▶ _Supplied records_
▽

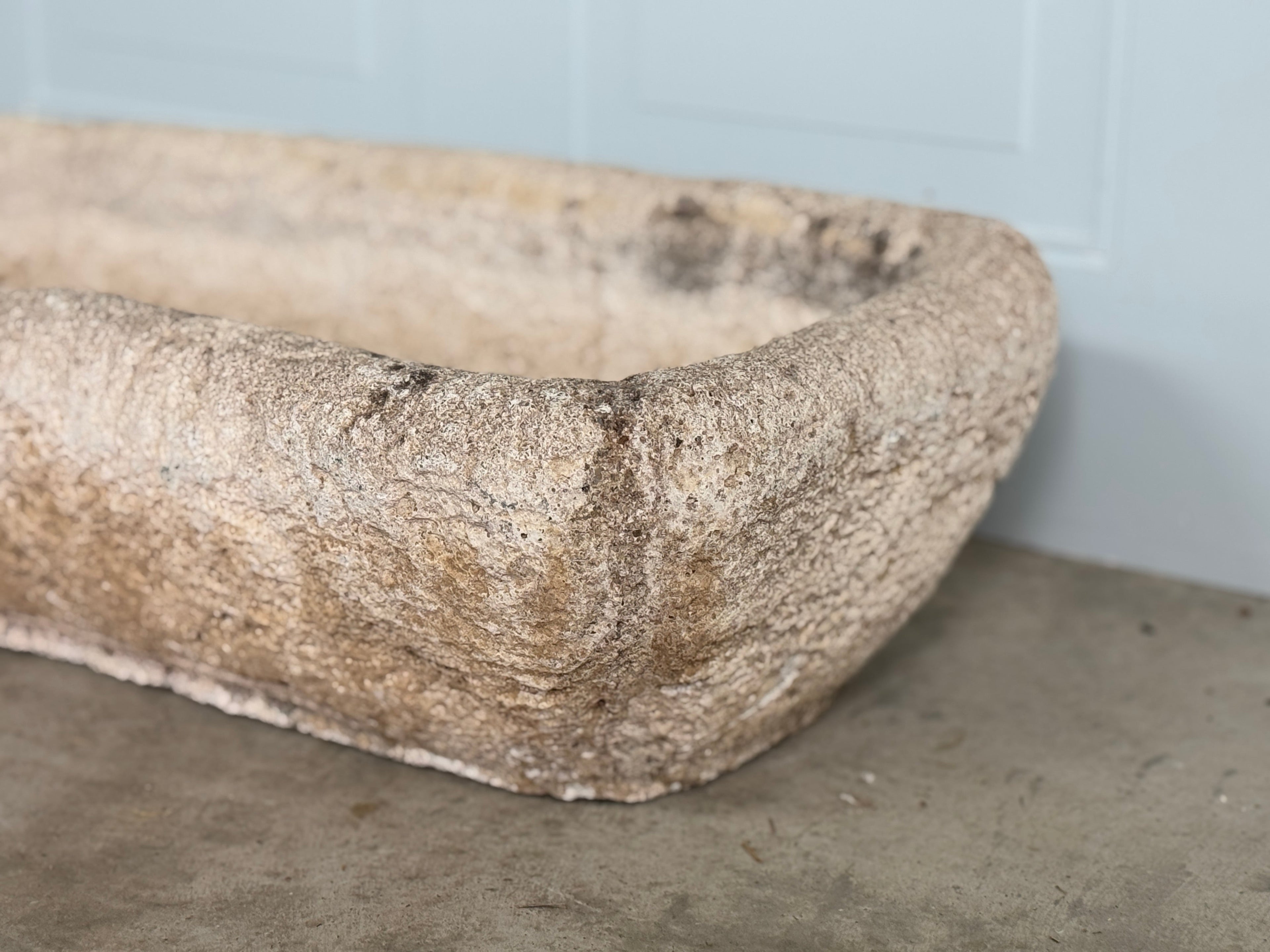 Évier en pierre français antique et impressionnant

△
▽

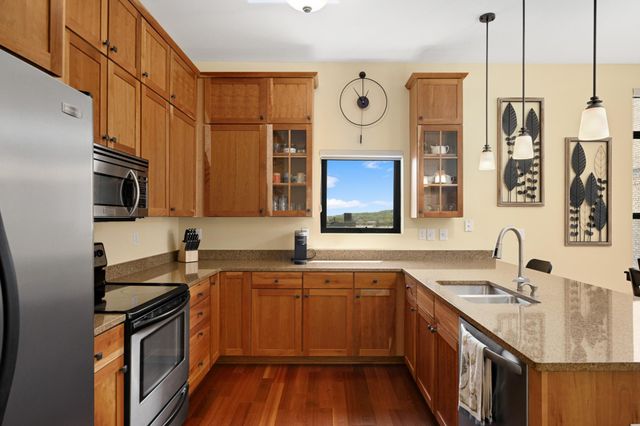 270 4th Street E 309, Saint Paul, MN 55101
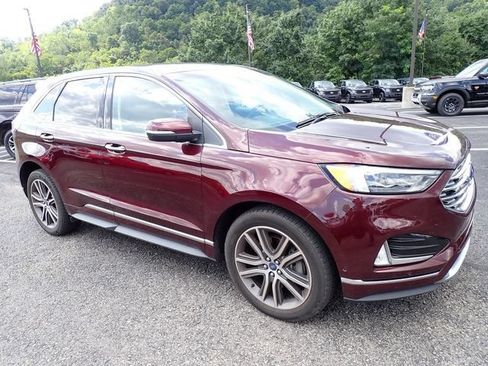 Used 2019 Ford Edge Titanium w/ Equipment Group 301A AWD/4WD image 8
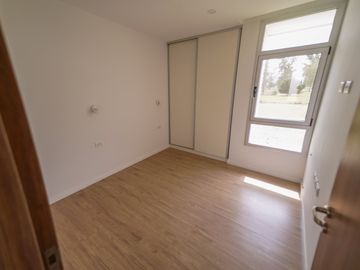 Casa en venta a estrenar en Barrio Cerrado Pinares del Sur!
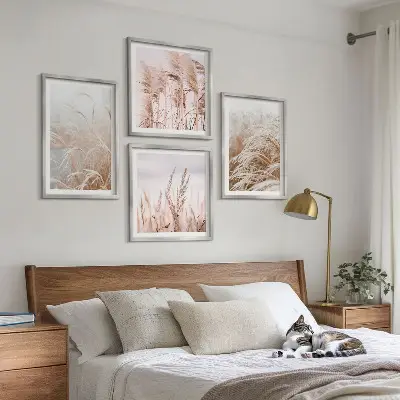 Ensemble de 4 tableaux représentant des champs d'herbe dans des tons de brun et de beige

△
▽

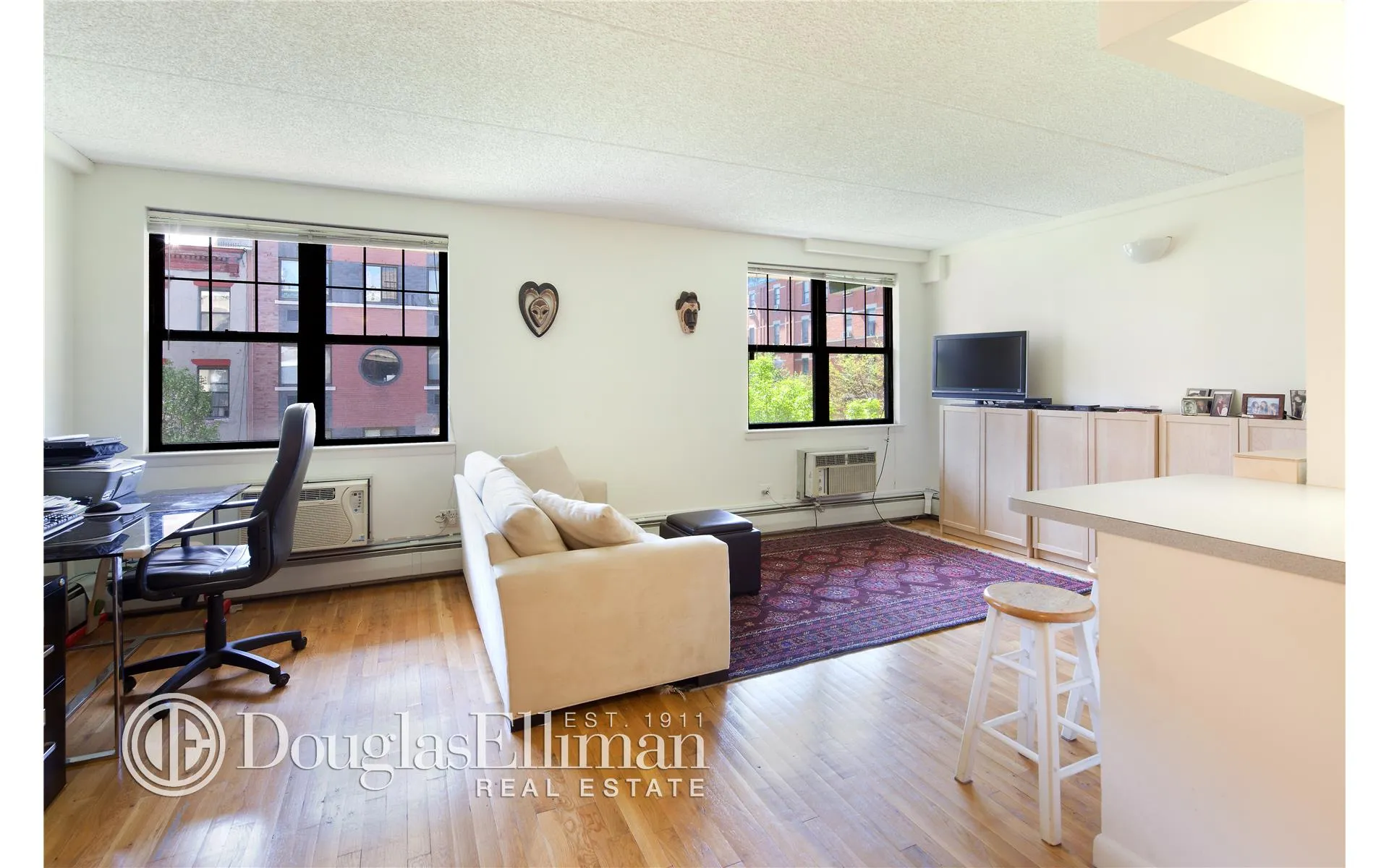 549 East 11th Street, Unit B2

△

▶ _What to do_
The line holding "Used 2019 Ford" starts the copy and the line holding "Ensemble de 4" ends it. Repeat those two lines above and all between them exactly, leaving out pictures.

▶ _Response_
 Used 2019 Ford Edge Titanium w/ Equipment Group 301A AWD/4WD image 8
 Casa en venta a estrenar en Barrio Cerrado Pinares del Sur!
 Ensemble de 4 tableaux représentant des champs d'herbe dans des tons de brun et de beige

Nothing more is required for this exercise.